Typical Wellington indiscipline was, however, soon taken advantage of by a recovering Canterbury XV and with Ben Blair his usual accurate self the Lions' lead was soon shortened to 13-6.


But, despite poor discipline, Wellington remained confident and continued to attack at every opportunity and this exciting play paid dividends when Christian Cullen nabbed a loose ball and shot across field at full pace, drawing a bevy of Red and Black tacklers, before off-loading a perfect inside-ball for barnstorming second-rower Inoke Afeaki to charge onto and over the line for a crucial Lions try.


A wonderful 50 metre plus penalty by Canterbury kingpin Andrew Mehrtens and another goal to Blair saw Wellington lead 20-12 at the break and the fans looked forward to another 40 minutes of exhillarating running rugby.
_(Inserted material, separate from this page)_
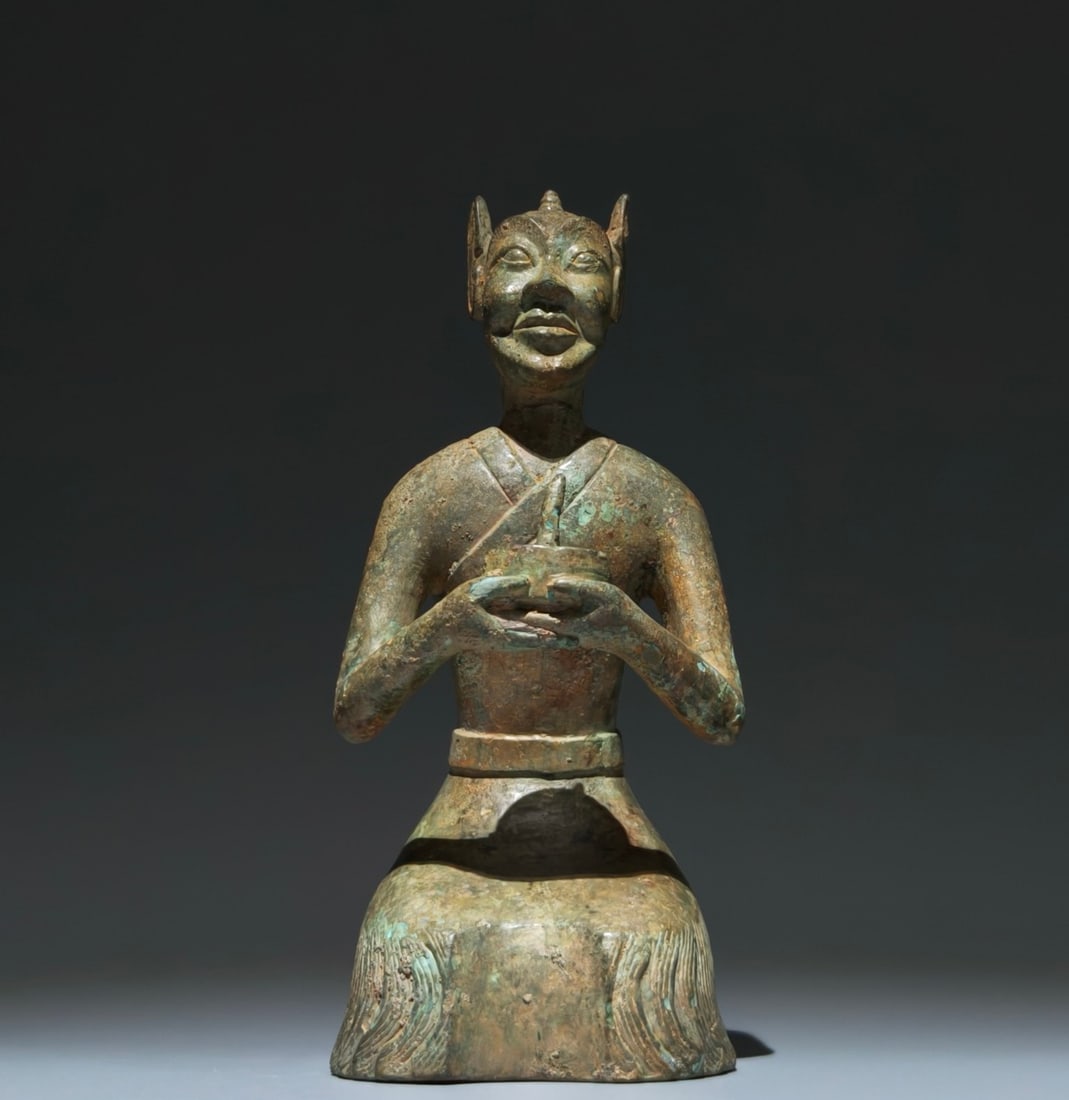 An Archaic Bronze Figure-Shaped Candlestick (1 of 9)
Blair's accurate kicking again featured early in the second half and Canterbury edged closer to trail 20-15.


However, perhaps, sensing it was now or never the Wellington XV seemed to explode into form and a blistering 80 metre move was finished off in style under the posts by an exultant O'Halloran to give the Lions an impressive 27-15 lead.
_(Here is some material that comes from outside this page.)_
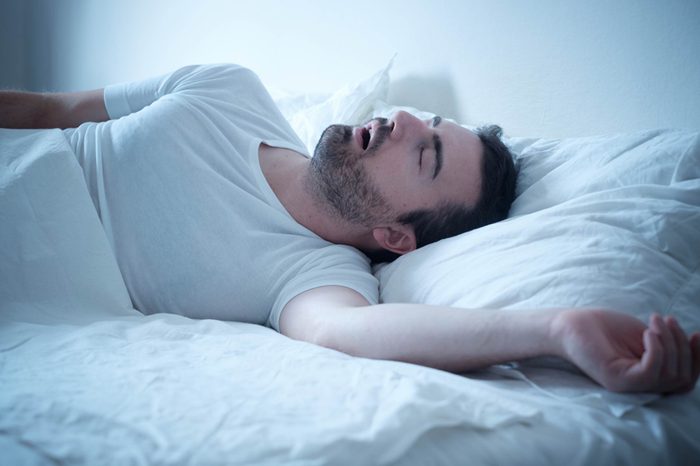 Mouth-breathing man in bed.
With Jade Stadium rocking to the chants of desperate Cantabrians, Wellington refused to sit on their laurels, after engineering O'Halloran's epic score, and in a fitting - and in hindsight matchwinning - moment the biggest Lion of all, Lomu, stampeded downfield, tossing Vunibaka aside, on route to his second try.
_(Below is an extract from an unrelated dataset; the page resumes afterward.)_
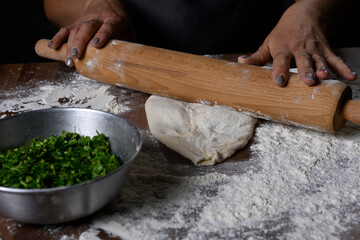 chef making dough with flour and herbs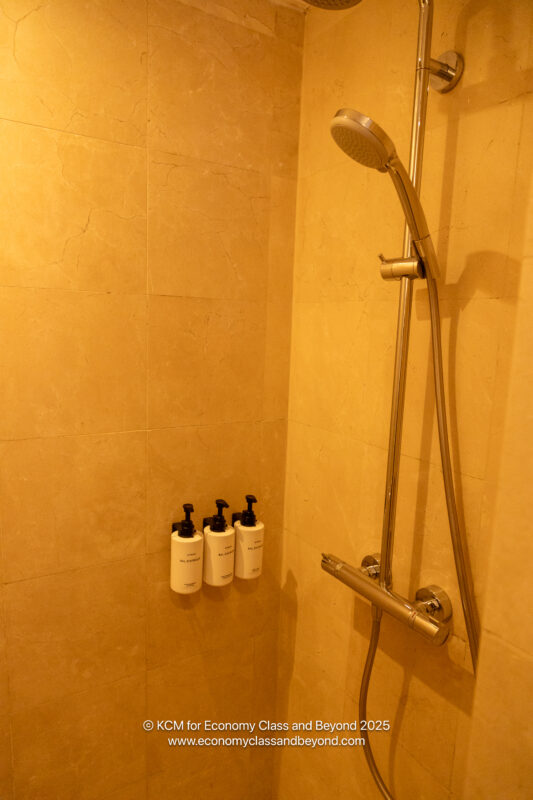a shower with soaps and a shower head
Holwell's conversion took Wellington to a 34-15 lead with 17 minutes of play remaining, but, the Lions knew they were in for rugged final quarter as the Ranfurly shield holders with Todd Blackadder in the pack are one team that never says die for one second of a full 80 minutes of rugby.


And so the inevitable Canterbury comeback began and as cream rises to the top so do quality rugby players and it was no suprise to see Mehrtens orchestrating his team's fight for glory.


Indeed, it was the All Black pivot himself who darted over for the first Canterbury try and then it was all on, when, with less then 10 minutes remaining the Red and Black's most famous son the All Black captain Blackadder, was driven over for a try which with the conversion saw the game go to the wire with Wellington leading 34-29.


Championships are built of character and with the minutes ticking down; reduced to 14 men with the sin-binning of the manic but certainly All Black-class lock Dion Waller; and holding out a world-beating Canterbury hammering their line; Wellington were forced to dig to the depths of their character reserves and by doing so and emerging victorious the Lions 2000 deserve every accolade as they go down in legend as the first NPC winner of the 21st century.

While credit is due the entire Lions squad and management, special mention has to go to the leadership and inspiration of the often forlorn Norm Hewitt who battled the highly rated Canterbury front-row to a standstill and ended the season holding the NPC trophy aloft.


Alongside Hewitt there were many heroes and while it is repetitive the loose-trio of Jerry Collins, Kupu Vanisi and Rodney So'oialo is, on-form, New Zealand's best and if not the provider of three immediate All Blacks it must certainly be the well on which New Zealand draws it's future loose-forward talent.


Waller and Inoke Afeaki also stepped up and were never bettered by their All Black rivals, Blackadder and Norm Maxwell. The front rowers of Hewitt, who deputised with ruthless effectiveness at loosehead for two scrums, Kevin Yates, Morne Van der Merwe and at times Mike Edwards and Shane Carter all performed above expectations and provided the foundation for the Lions win.


In the backs Cullen and Lomu were devastating; Holwell, Spice and O'Halloran all equalled or even bettered their All Black opposites while Tana Umaga again highlighted his obvious quality as the best rugby player in New Zealand.